🤖 AI Summary
This work addresses the computational intractability of ρ-posteriors in Bayesian robust inference, which arises from optimizing over a reference distribution. To resolve this issue, the authors develop a PAC-Bayesian framework that restores theoretical guarantees by introducing a temperature-tuned Gibbs posterior, while enabling scalable inference through variational approximations. The proposed method is the first to simultaneously ensure robustness against contaminated data, computational feasibility, and rigorous finite-sample theoretical guarantees—including oracle inequalities with explicit convergence rates.

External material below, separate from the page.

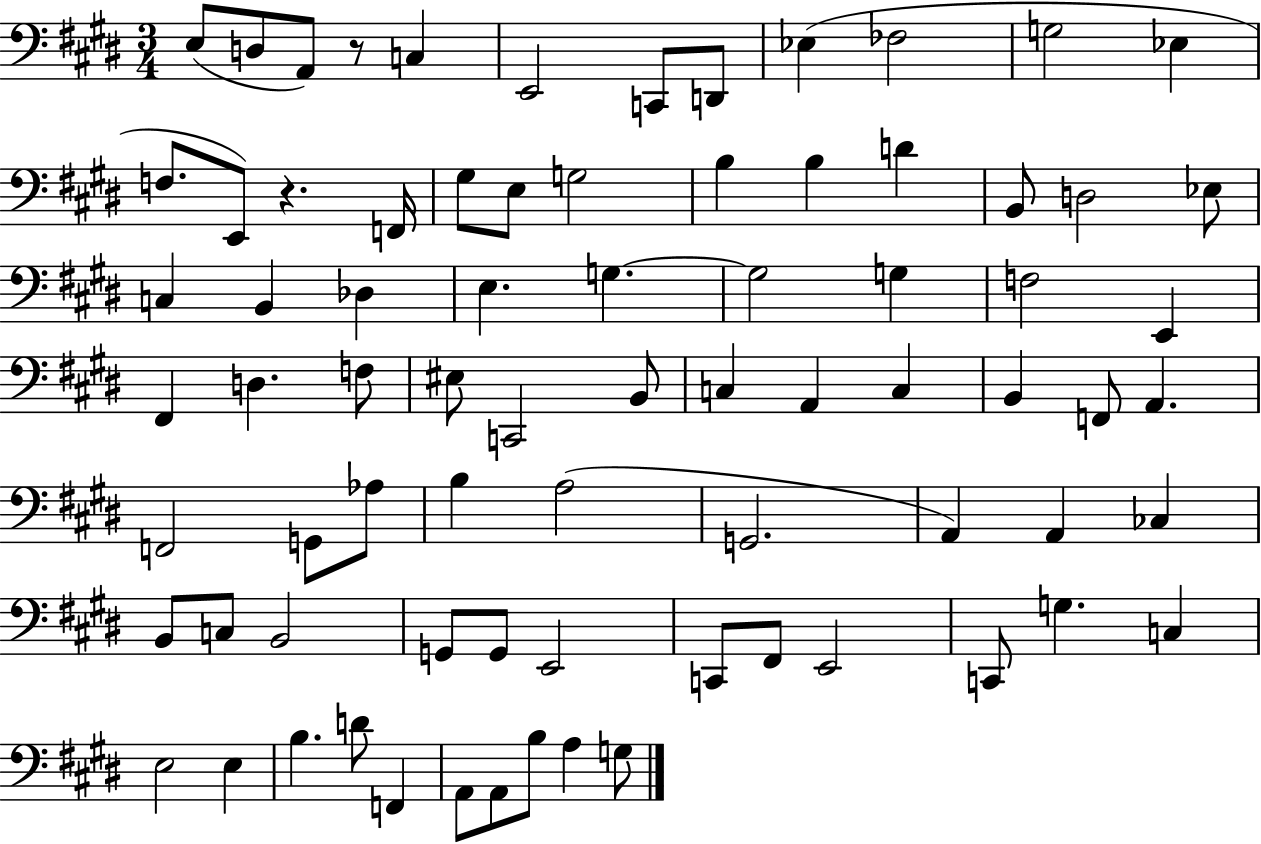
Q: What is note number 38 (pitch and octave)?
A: B2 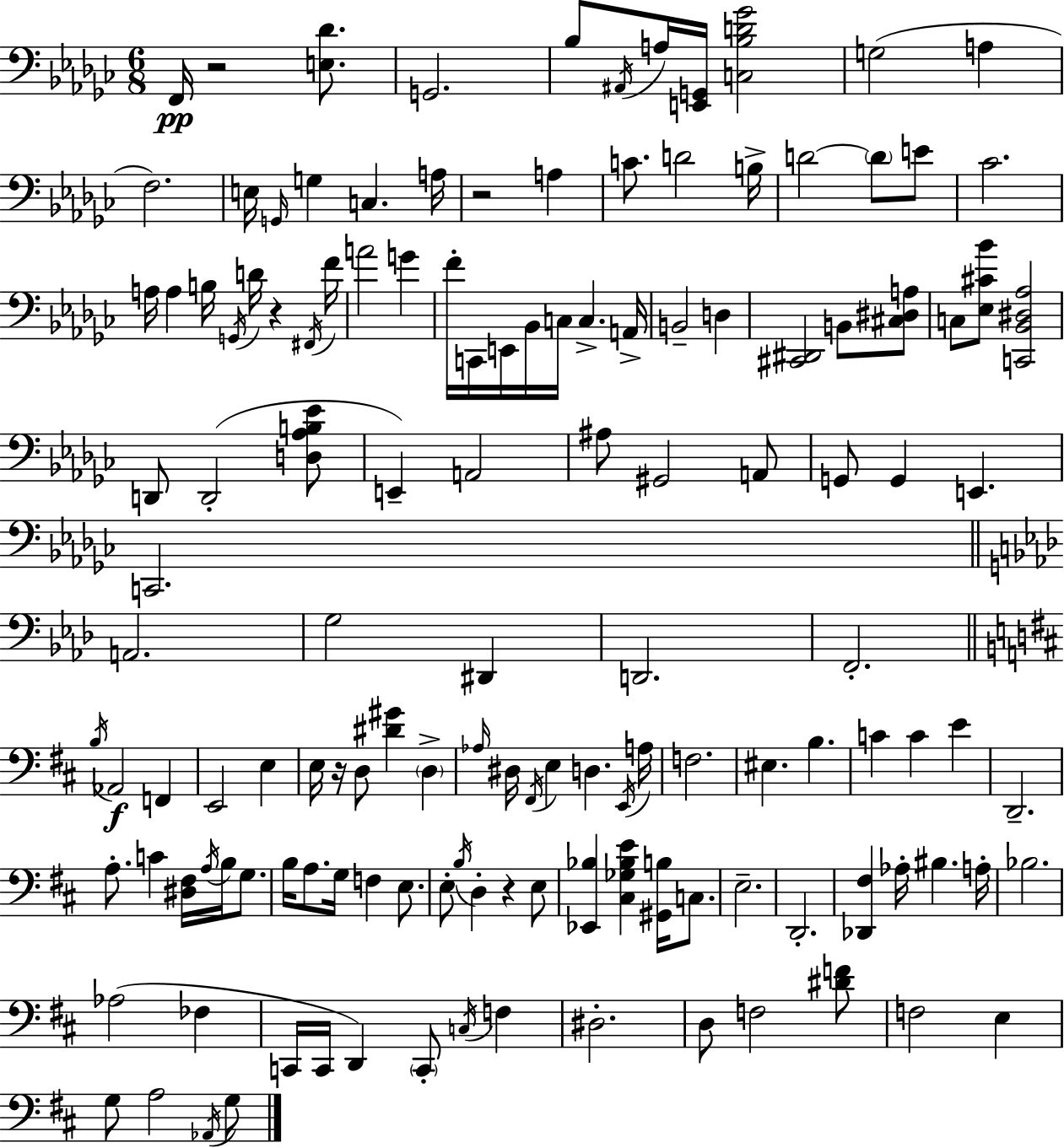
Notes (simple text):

F2/s R/h [E3,Db4]/e. G2/h. Bb3/e A#2/s A3/s [E2,G2]/s [C3,Bb3,D4,Gb4]/h G3/h A3/q F3/h. E3/s G2/s G3/q C3/q. A3/s R/h A3/q C4/e. D4/h B3/s D4/h D4/e E4/e CES4/h. A3/s A3/q B3/s G2/s D4/s R/q F#2/s F4/s A4/h G4/q F4/s C2/s E2/s Bb2/s C3/s C3/q. A2/s B2/h D3/q [C#2,D#2]/h B2/e [C#3,D#3,A3]/e C3/e [Eb3,C#4,Bb4]/e [C2,Bb2,D#3,Ab3]/h D2/e D2/h [D3,Ab3,B3,Eb4]/e E2/q A2/h A#3/e G#2/h A2/e G2/e G2/q E2/q. C2/h. A2/h. G3/h D#2/q D2/h. F2/h. B3/s Ab2/h F2/q E2/h E3/q E3/s R/s D3/e [D#4,G#4]/q D3/q Ab3/s D#3/s F#2/s E3/q D3/q. E2/s A3/s F3/h. EIS3/q. B3/q. C4/q C4/q E4/q D2/h. A3/e. C4/q [D#3,F#3]/s A3/s B3/s G3/e. B3/s A3/e. G3/s F3/q E3/e. E3/e B3/s D3/q R/q E3/e [Eb2,Bb3]/q [C#3,Gb3,Bb3,E4]/q [G#2,B3]/s C3/e. E3/h. D2/h. [Db2,F#3]/q Ab3/s BIS3/q. A3/s Bb3/h. Ab3/h FES3/q C2/s C2/s D2/q C2/e C3/s F3/q D#3/h. D3/e F3/h [D#4,F4]/e F3/h E3/q G3/e A3/h Ab2/s G3/e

Numerical experiments demonstrate the practical effectiveness and robustness of the approach in real-world settings.
📝 Abstract
The $\rho$-posterior framework provides universal Bayesian estimation with explicit contamination rates and optimal convergence guarantees, but has remained computationally difficult due to an optimization over reference distributions that precludes intractable posterior computation. We develop a PAC-Bayesian framework that recovers these theoretical guarantees through temperature-dependent Gibbs posteriors, deriving finite-sample oracle inequalities with explicit rates and introducing tractable variational approximations that inherit the robustness properties of exact $\rho$-posteriors. Numerical experiments demonstrate that this approach achieves theoretical contamination rates while remaining computationally feasible, providing the first practical implementation of $\rho$-posterior inference with rigorous finite-sample guarantees.